Growth in biology is rarely a simple, single-location event, and translation is a perfect example of that. Nodules form in tissues when cells proliferate and organize in response to stimuli, but the size increase is gradual rather than from a single moment of growth do nodules grow. Just as the question of what continues to grow after biological processes change is often more nuanced than it first appears, the question of where the polypeptide 'grows' has a layered answer: P site for chain residence, A site for chain reception, PTC for catalysis, and the exit tunnel for physical accommodation. This same multi-site idea explains why SAC does not grow simply based on the P site alone. In a similar way, the question of what continues to grow after death points to a different biological process than protein synthesis. Knowing all four gives you the full picture.
FAQ
Where exactly does the first peptide bond form in translation, not just later elongation cycles?
The first peptide bond forms when the initiator methionyl-tRNA in the P site donates its methionine, and the first incoming elongator aminoacyl-tRNA enters the A site. The catalytic reaction happens at the peptidyl transferase center, which sits in the large subunit (50S/60S).
If the chain is on the P site between cycles, why is the A site still important for “growth”?
A site aminoacyl-tRNA receives the existing chain during peptide bond formation, but the growing chain is only “resident” on the P-site tRNA during much of the cycle. Immediately after the bond forms, the new longer chain is on the A-site tRNA, then translocation moves it back to the P site for the next round.

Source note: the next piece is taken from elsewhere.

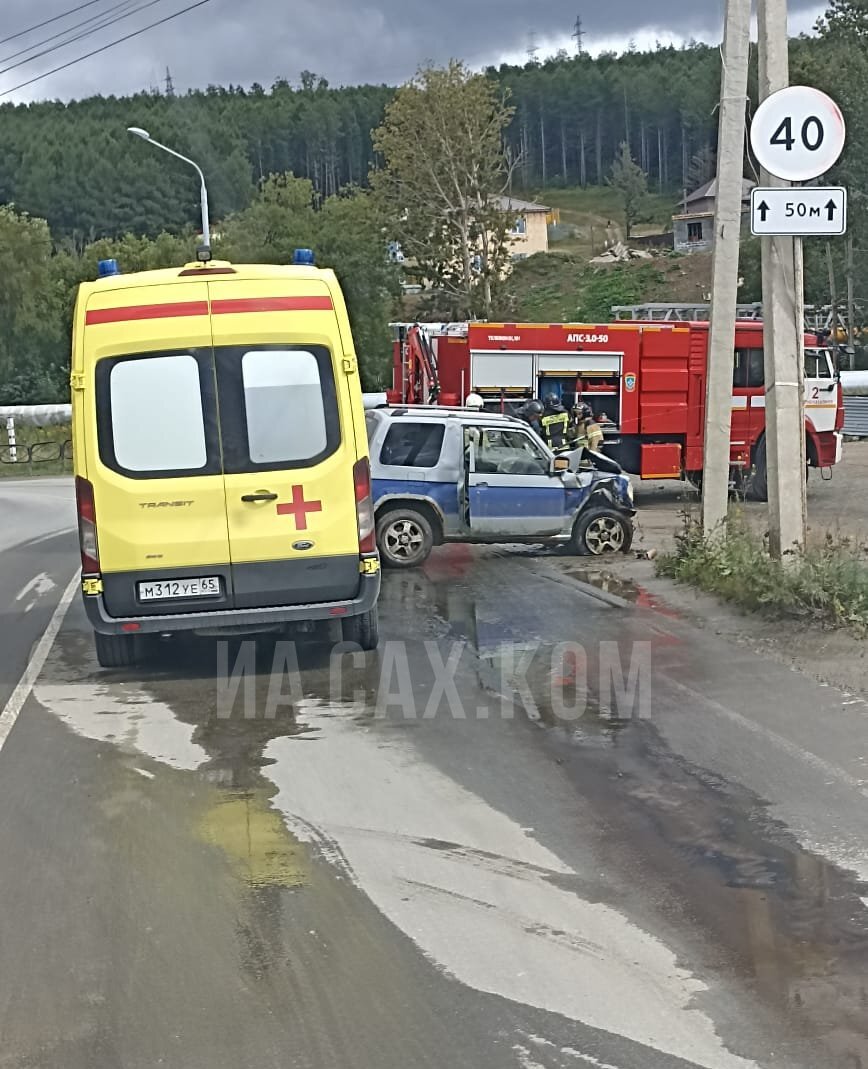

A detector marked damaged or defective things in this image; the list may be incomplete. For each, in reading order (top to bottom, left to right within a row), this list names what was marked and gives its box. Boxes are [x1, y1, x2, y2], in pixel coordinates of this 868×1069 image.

damaged blue vehicle [366, 406, 636, 568]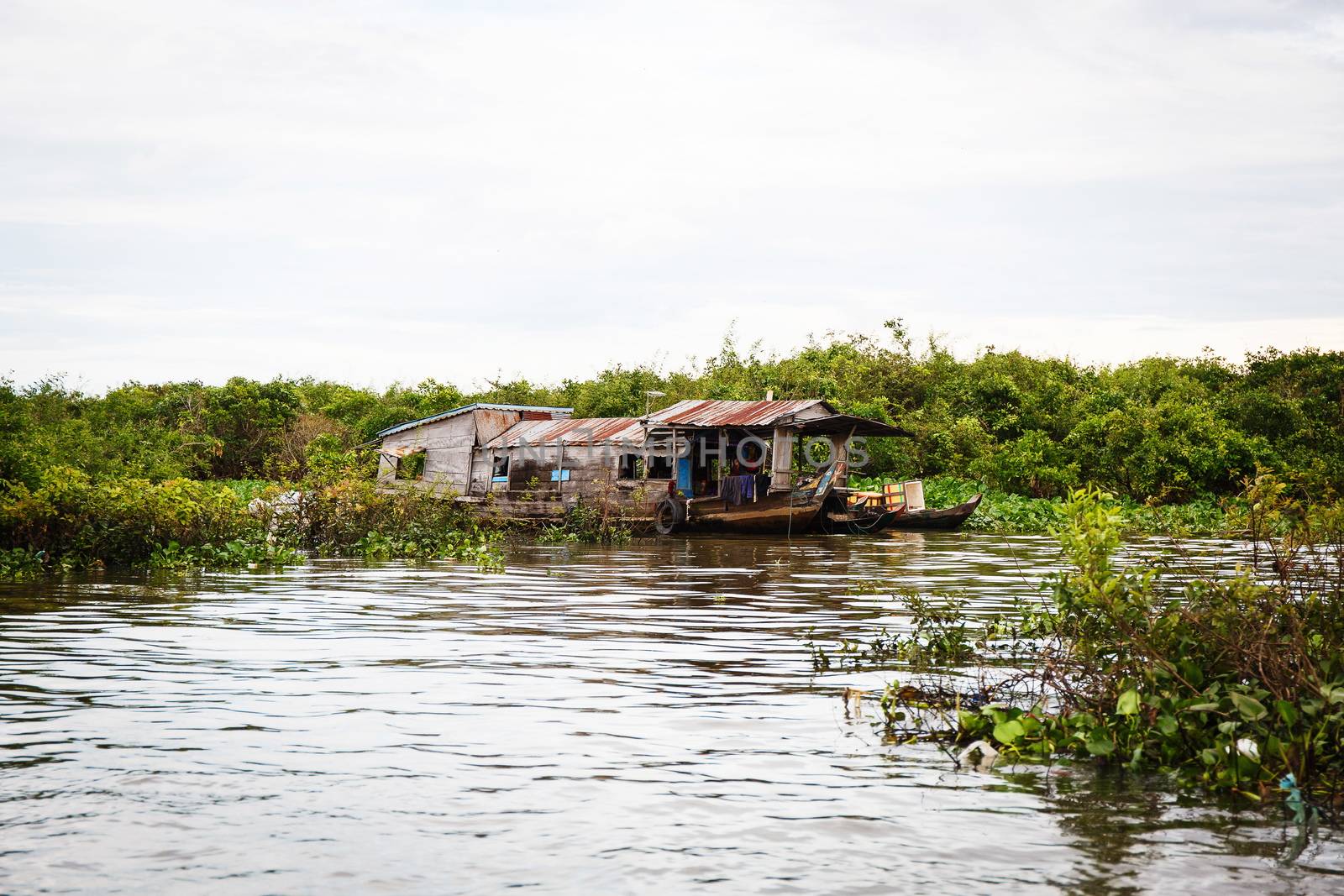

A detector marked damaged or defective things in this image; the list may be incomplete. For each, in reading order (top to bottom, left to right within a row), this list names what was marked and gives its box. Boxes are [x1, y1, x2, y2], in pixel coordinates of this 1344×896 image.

rusty corrugated metal roof [642, 400, 827, 427]
rusty corrugated metal roof [486, 419, 648, 448]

What is the single best answer if an exam asks for one site for peptide bond formation?
The ribosome’s P site and A site are about where tRNAs sit and what step is happening, but the catalytic chemistry occurs at the peptidyl transferase center. So for exam questions asking for a single best location, answer “PTC,” and if they ask for the growth event, mention “across the A and P sites at the PTC.”

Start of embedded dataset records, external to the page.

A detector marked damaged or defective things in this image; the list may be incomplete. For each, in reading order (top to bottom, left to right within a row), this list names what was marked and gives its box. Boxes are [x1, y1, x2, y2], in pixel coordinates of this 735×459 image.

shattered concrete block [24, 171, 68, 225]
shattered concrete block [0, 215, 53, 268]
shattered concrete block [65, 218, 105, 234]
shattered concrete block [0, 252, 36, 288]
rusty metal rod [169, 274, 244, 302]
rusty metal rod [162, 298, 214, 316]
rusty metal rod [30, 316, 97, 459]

Can the growing polypeptide attach to mRNA at the A site or P site?
The mRNA provides codon instructions in the A site, but the polypeptide never becomes attached to mRNA. The chain stays covalently linked to tRNA (as peptidyl-tRNA) and is physically threaded through the exit tunnel as it lengthens.
Does the polypeptide “grow” when a tRNA is in the E site?
No. tRNAs in the E site are emptied and are positioned for exit. Chain extension happens before that, when the incoming aminoacyl-tRNA at the A site participates in peptide bond formation at the PTC.
What happens to polypeptide growth if the A site is not empty during elongation?
Translation elongation requires the A site to be available. If the A site is filled (for example, waiting for the correct next tRNA or stalled during elongation), peptide bond formation cannot proceed, even though the P-site peptidyl-tRNA is still present.
How should I interpret tRNA “hybrid states” (A/P or P/E) when deciding where the chain grows?
If a diagram shows hybrid states like A/P or P/E, those labels represent intermediate tRNA positions during translocation. In that moment, the chain is not in a single static “P site only” location, so it helps to describe the step as translocation intermediates rather than claiming a single fixed site for growth.